It can be helpful to think of grief as a large box containing lots of other feelings. You may experience some or all of the feelings contained within the box. Feelings may come and go. Sometimes feelings will be very strong at other times they may be less intense.
We’d like to help you to understand some of the feelings that might be in your box. Everyone has their unique combination. Here’s just a few of the things you might feel -
It might sound strange but if someone you care about dies after being ill and in pain or suffering a bad accident, you may feel relieved that they have died and are no longer suffering.
Nobody is perfect. When we look back on our relationship with someone who has died and how we behaved it’s always possible to think how we might have done things differently and we feel guilty.
Sometimes when we are grieving we put ourselves under pressure to feel sad all the time and when we catch ourselves feeling other things, we can feel guilty and uncomfortable.
When someone you care about dies it makes you different from other people who still have their loved one.

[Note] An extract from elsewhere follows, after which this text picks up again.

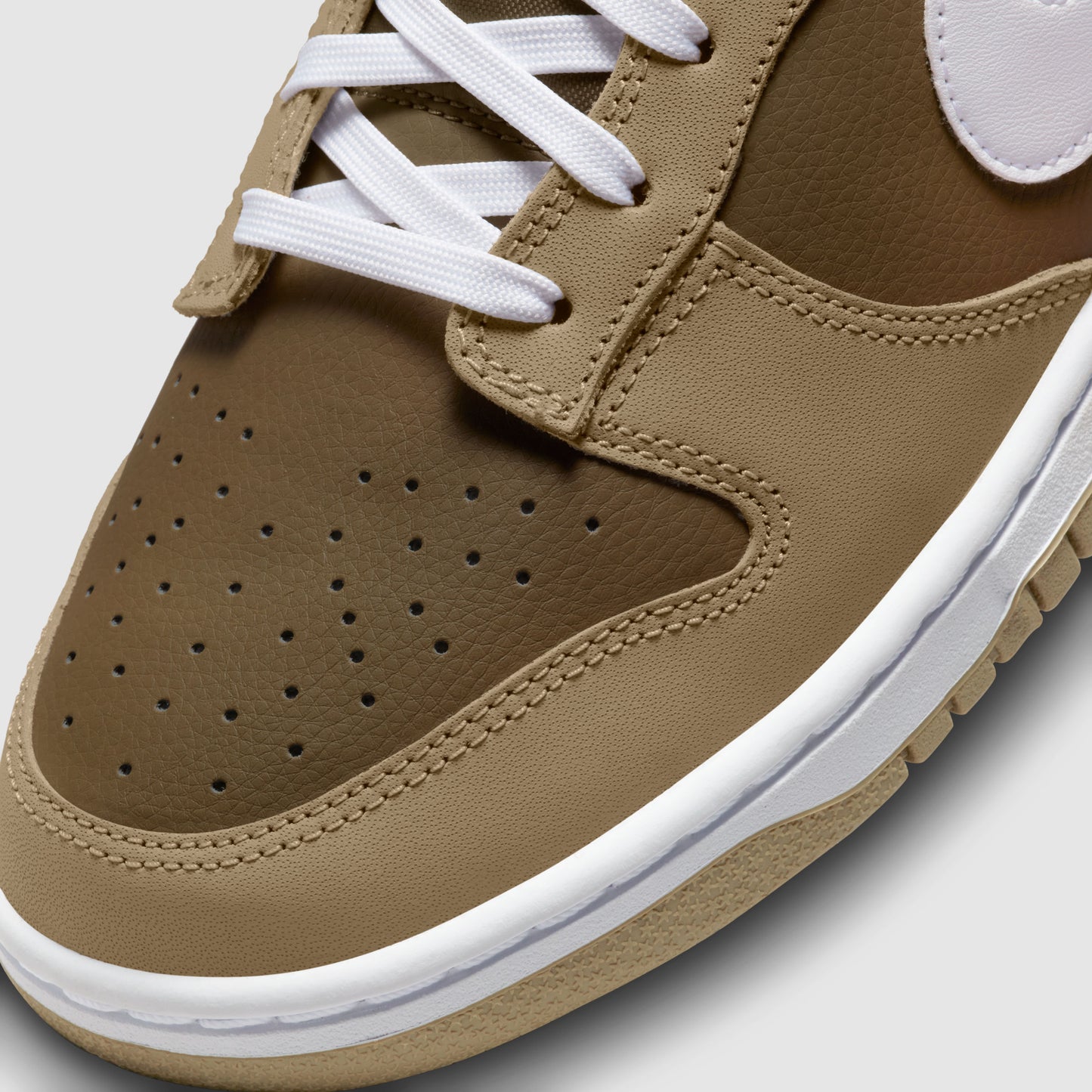 Nike Dunk Low Brown Chocolate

This can feel uncomfortable. Grief also tends to make it harder to control your emotions. You may feel worried that you are going to break down in tears in front of people and make yourself feel even more vulnerable. Over time most people find that they learn how to manage their feelings and find ways to excuse themselves from situations if they feel overwhelmed.
The death of someone you care about can feel very unfair. It can make you feel angry that no-one prevented the death. Often people feel angry because in a way it’s safer to get angry than it is to allow yourself to acknowledge just how sad you feel underneath.

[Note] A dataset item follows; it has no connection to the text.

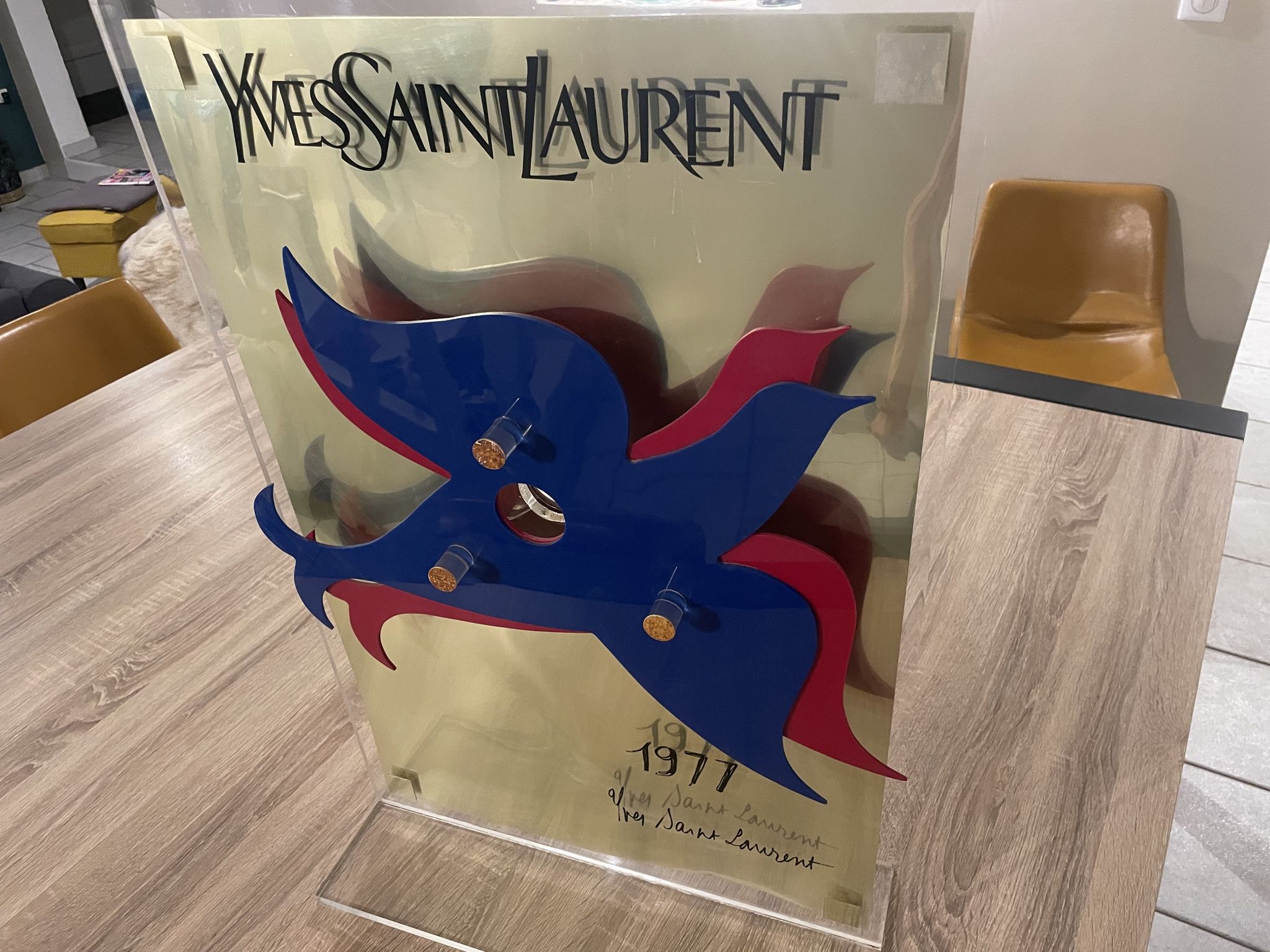 Présentoir Yves Saint Laurent 70s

Sadness is another of those feelings – like grief - that can be different for different people. Some people cry a lot and want to talk because they are sad. Some people push their feelings away to the point where it seems like they aren’t feeling anything at all and really don’t want to talk. Sadness can make us feel lethargic and uninterested in life. Or it can drive us to keep really busy in an attempt to avoid difficult feelings.
What can help?
It’s important to work out your own unique formula for helping yourself. It needs to fit who you are. Remember everyone’s grief is different.
If you are worried about anything that you are feeling or thinking then please find someone to talk to. Sometimes people need a bit of help with their grief. It’s good to keep an eye on yourself and make sure you ask for help if you need it.